→ **Exercise prompt**: The full set of entries below, restated word for word and stripped of images, is the expected result.

→ **Brief descriptive captions**:
----------------

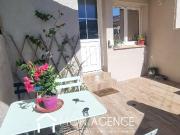 Maison 3 pièces 79 m²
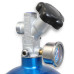 PartzBiz CM: 05134NOS-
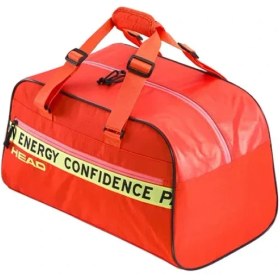 تصویر ساک هد Pro X Court Bag 40L FONL 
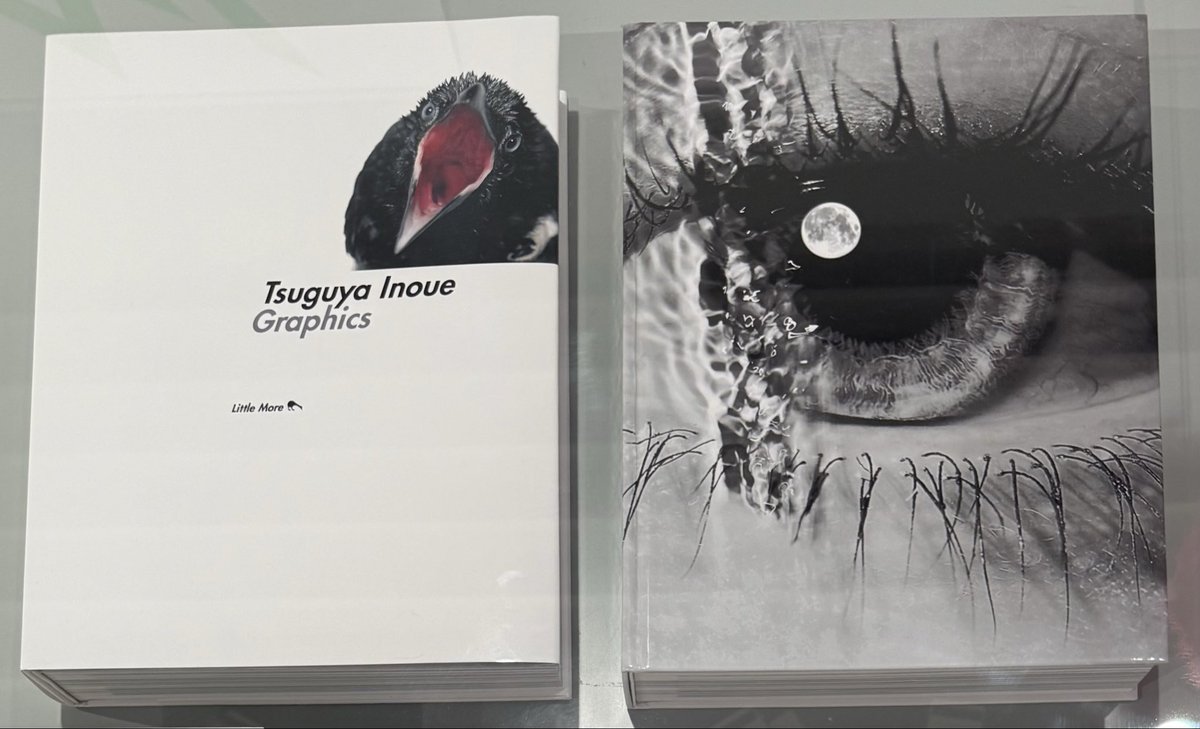 1ページ目　AYAオーダーページ•*¨*•.¸¸♬ Handsome look🕺🏻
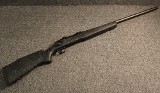 Remington ~ 700 ~ .300 Winchester Magnum (4862115) - Image 1 of 5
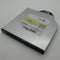 Dell TS-L333A SATA DVD-Rom Drive Y1RYW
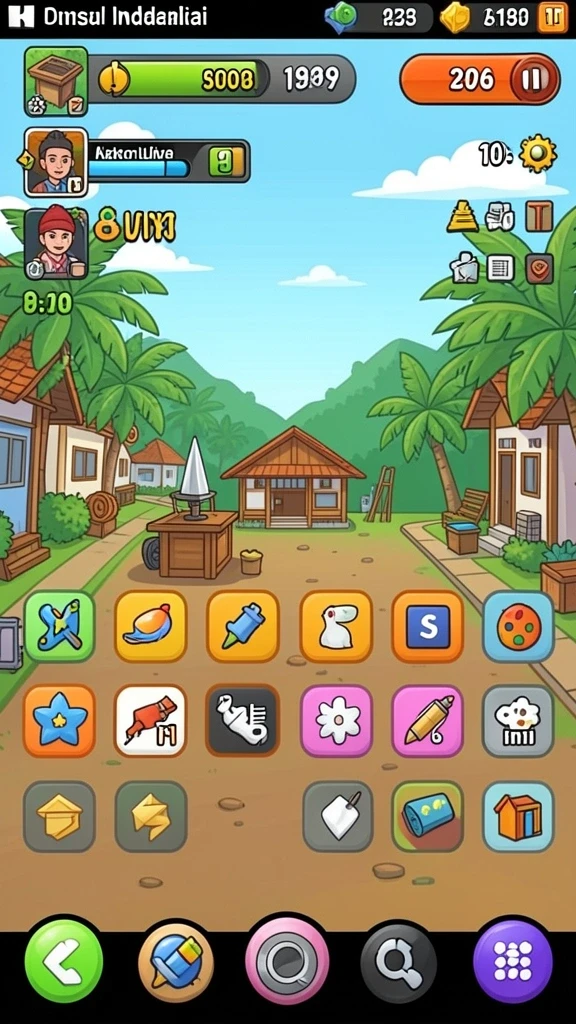 Screenshot fbrp88 nomor 3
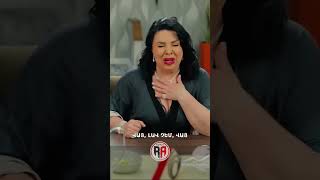 Պապուս օղին😂 #MamayiBala #ՄամայիԲալա #Shorts #Comedy #PanArmenianTVOfficial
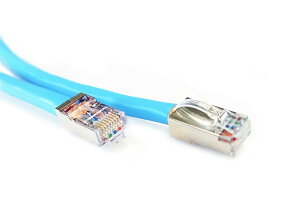 ATEN [2L-NS06050/ATEN] p Cat6 STPP[u 50m (RJ45)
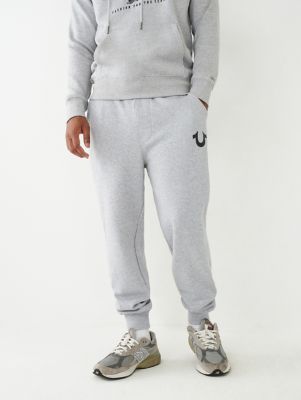 True best sale religion jogger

----------------

→ **Expected output**:
 Maison 3 pièces 79 m²
 PartzBiz CM: 05134NOS-
 تصویر ساک هد Pro X Court Bag 40L FONL 
 1ページ目　AYAオーダーページ•*¨*•.¸¸♬ Handsome look🕺🏻
 Remington ~ 700 ~ .300 Winchester Magnum (4862115) - Image 1 of 5
 Dell TS-L333A SATA DVD-Rom Drive Y1RYW
 Screenshot fbrp88 nomor 3
 Պապուս օղին😂 #MamayiBala #ՄամայիԲալա #Shorts #Comedy #PanArmenianTVOfficial
 ATEN [2L-NS06050/ATEN] p Cat6 STPP[u 50m (RJ45)
 True best sale religion jogger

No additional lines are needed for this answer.